Eric Sprangle is a Principal Engineer with Intel's Visual Computing Group in Austin. Eric has been with Intel for eight years, working on the Intel Pentium 4 processor family, and he is currently one of the lead architects on the Larrabee project. Prior to joining Intel, Eric worked at ROSS Technology. Eric enjoys training for and racing in triathlons.

Computer Security Research in Atlanta (3:15 - 4:30 PM)

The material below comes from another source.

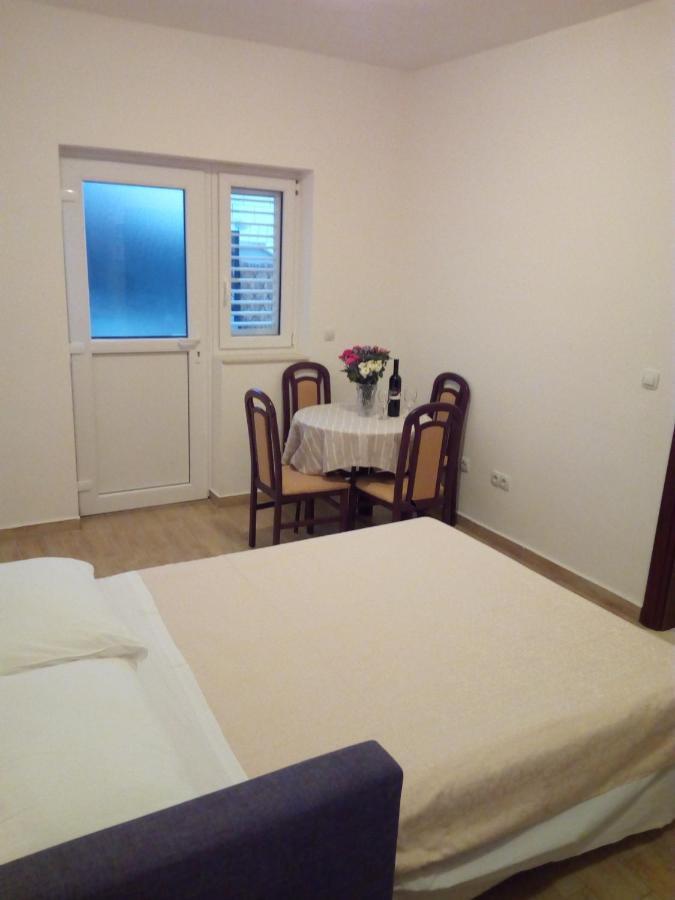 Apartment On The Beach Lokva Rogoznica Buitenkant foto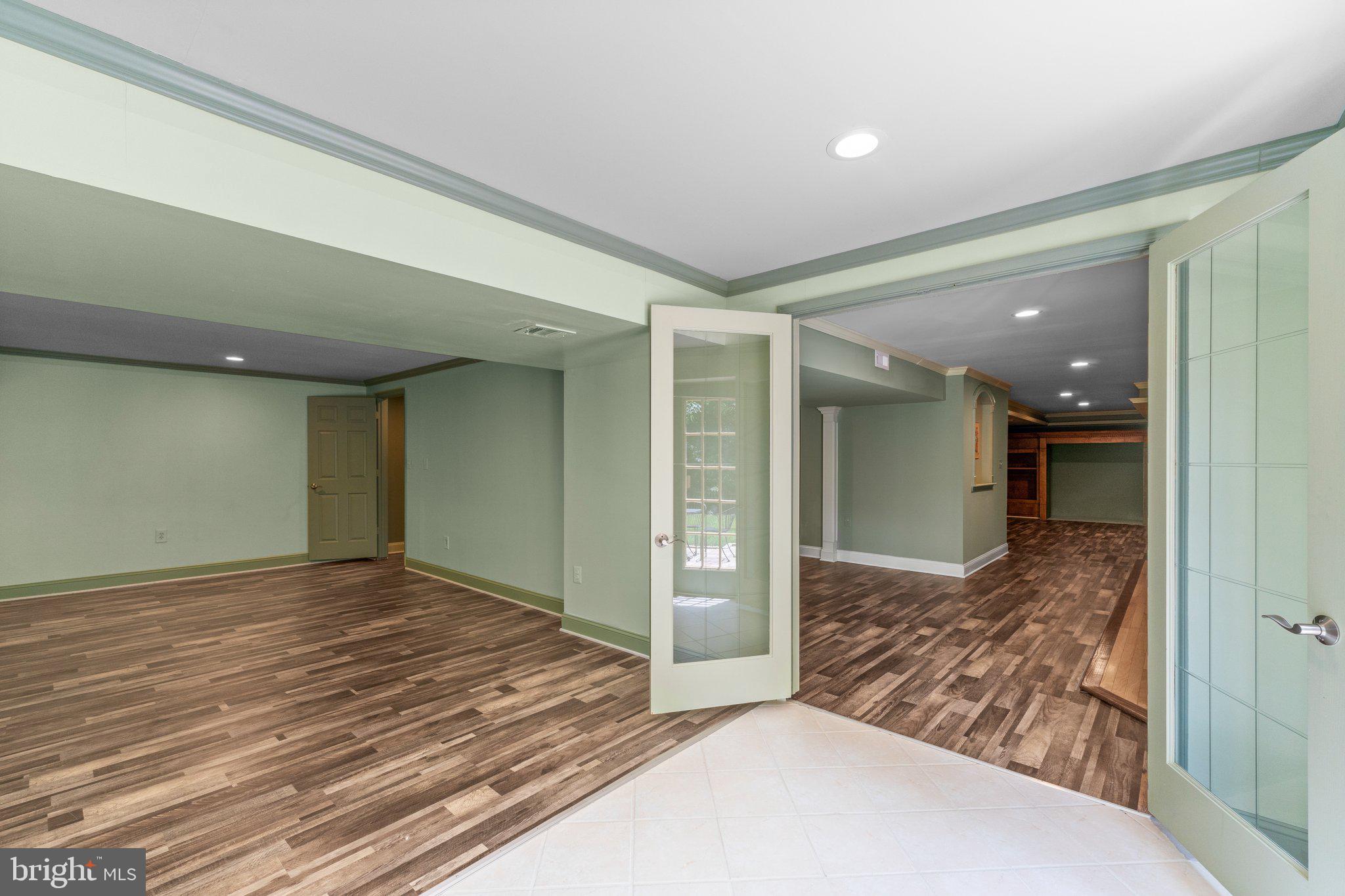 FRANKLIN CORNER - Residential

Sven Krasser (Secure Computing)

Dr. Sven Krasser is Director of Data Mining Research at Secure Computing Corporation. In this role, he leads the data analysis and classification efforts for TrustedSource (, Secure Computing\u2019s industry-leading global reputation service. He is a recognized authority on anti-spam and web security threats, leading inventor of numerous key patent-pending technologies, and author of various publications on networking and security.
Dr. Krasser received a Vordiplom in Electrical Engineering from the Technische Universitaet Carolo-Wilhelmina zu Braunschweig in Braunschweig, Germany, in 2000 and a M.S. and Ph.D. in Electrical and Computer Engineering from the Georgia Institute of Technology in Atlanta, Georgia, in 2002 and 2004.

Paul Royal (Damballa)

Paul Royal is Principal Researcher at Damballa, Inc., an Atlanta-based company whose primary focus is on detection and remediation of targeted threats such as bots. In his role at Damballa, Paul collaborates with researchers and engineers to design new techniques for and apply ongoing research efforts in the implementation of network sensors and analyzers used for the discovery and identification of bot behavior.
Paul received his Bachelor and Master of Science in Computer Science from the Georgia Institute of Technology in 2004 and 2006, respectively. As a graduate student Paul studied binary analysis under Dr. Wenke Lee, focusing on the topics of automated malware processing and transformation. Paul's graduate academic work yielded the creation of PolyUnpack, the implementation of a technique for the automated extraction of the hidden code in packed malware. PolyUnpack is part of the ISC OARC malware repository and will be integrated into a future version of the Anubis malware analysis service.

Tom Cross (IBM/ISS)

Tom Cross is a vulnerability researcher with IBM Internet Security Systems X-Force. Tom's primary responsibility is to reproduce known vulnerabilities for the purpose of developing detection and prevention strategies. He also studies emerging technologies, particularly enterprise and carrier Voice over IP, as well as mobile IP networks, for the purpose of developing a better understanding of the security threats these infrastructures will face and how to best mitigate those threats. To this end Tom works closely with research teams at the Georgia Tech Information Security Center who are working on IBM funded projects in these areas. Tom has worked for IBM Internet Security Systems since 2003, prior to which he worked as a network security consultant and as a Director of Security Engineering for a large ISP. Tom holds a Bachelor's degree in Computer Engineering from Georgia Tech.